• [Exercise] Within the listing that follows, reproduce exactly the lines starting at the line with "7Pcs/set Polyhedral Dices" and ending at the line with "Multi Sapphire Paperclip", inclusive, and only those. Pictures are dropped.
Start of Block
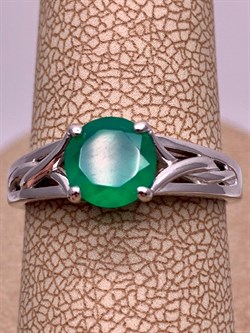 *Кольцо р.17,5 Зеленый Агат арт. 01-1930/00АГ-00-901 вес 2,71 г - фото 312723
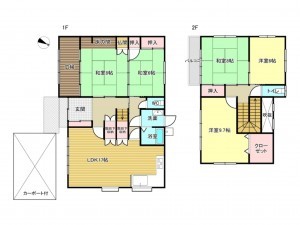阪南市舞、中古一戸建ての間取り画像です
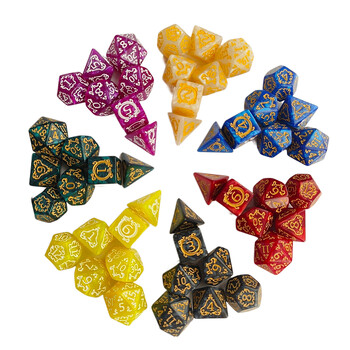 7Pcs/set Polyhedral Dices Multi-side Dice Set for Board Games Висококачествен набор от зарове Развлечение Аксесоари за настолни игри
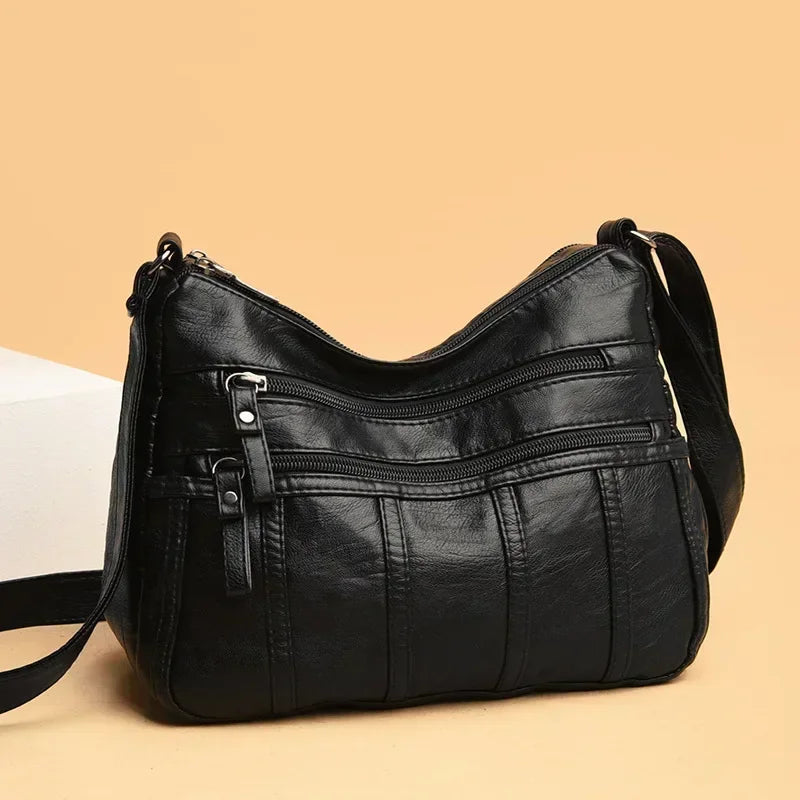 Women's Fashion Soft Leather Crossbody Bag 2024 Casual Multi-Pocket Messenger Retro Handbag Ladies Shoulder Bag with Zipper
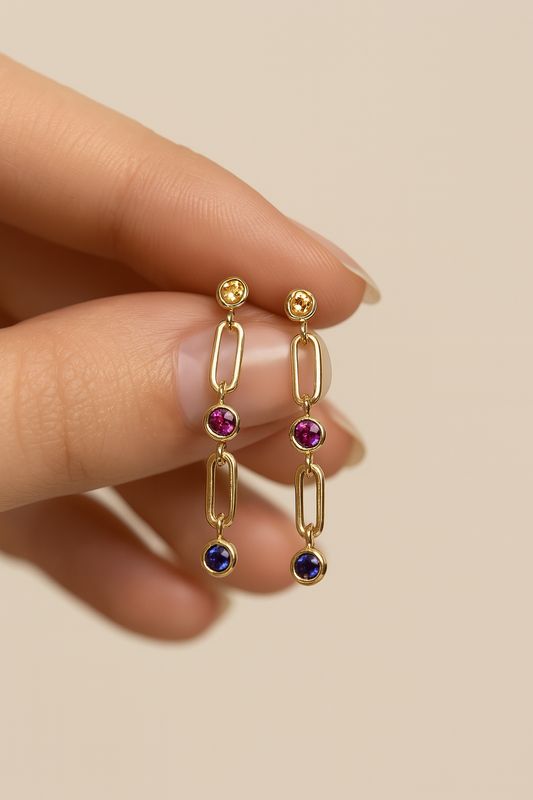 Multi Sapphire Paperclip  Dangle Earrings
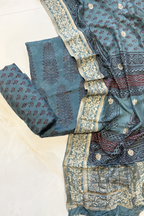 Hand Block bagh Printed Suit Set With Banarasi Weaving -  Dark teal blue color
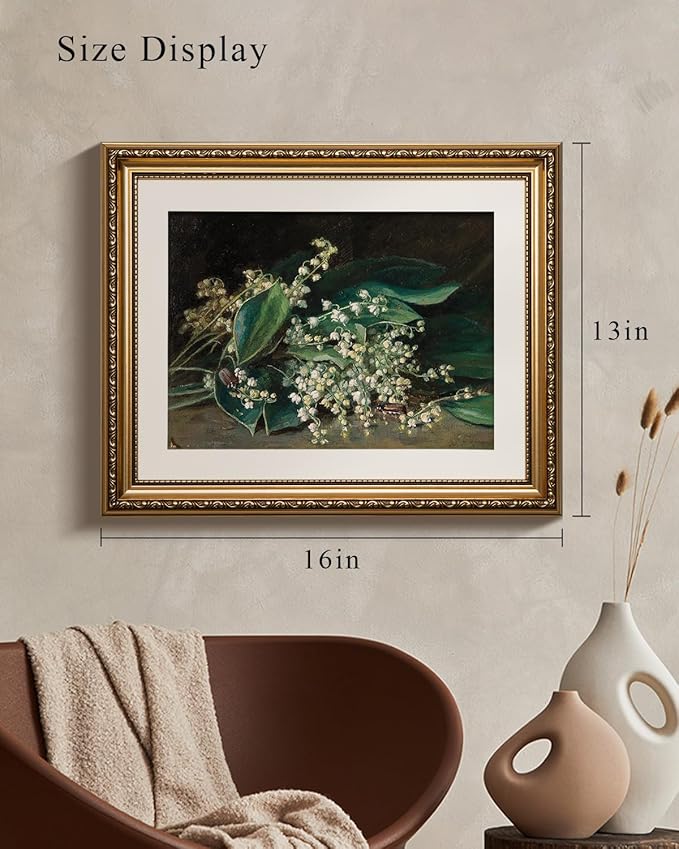 VIYYIEA Gold Framed Wall Art Canvas Print Home Decor Botanical Plant Wall Art Prints Bathroom Wall Decor Green Suzuran Plant Flower Wall Picture for Bedroom Floral Kitchen Art Boho Room Decor 13x16in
End of Block
• [Response to the task]
 7Pcs/set Polyhedral Dices Multi-side Dice Set for Board Games Висококачествен набор от зарове Развлечение Аксесоари за настолни игри
 Women's Fashion Soft Leather Crossbody Bag 2024 Casual Multi-Pocket Messenger Retro Handbag Ladies Shoulder Bag with Zipper
 Multi Sapphire Paperclip  Dangle Earrings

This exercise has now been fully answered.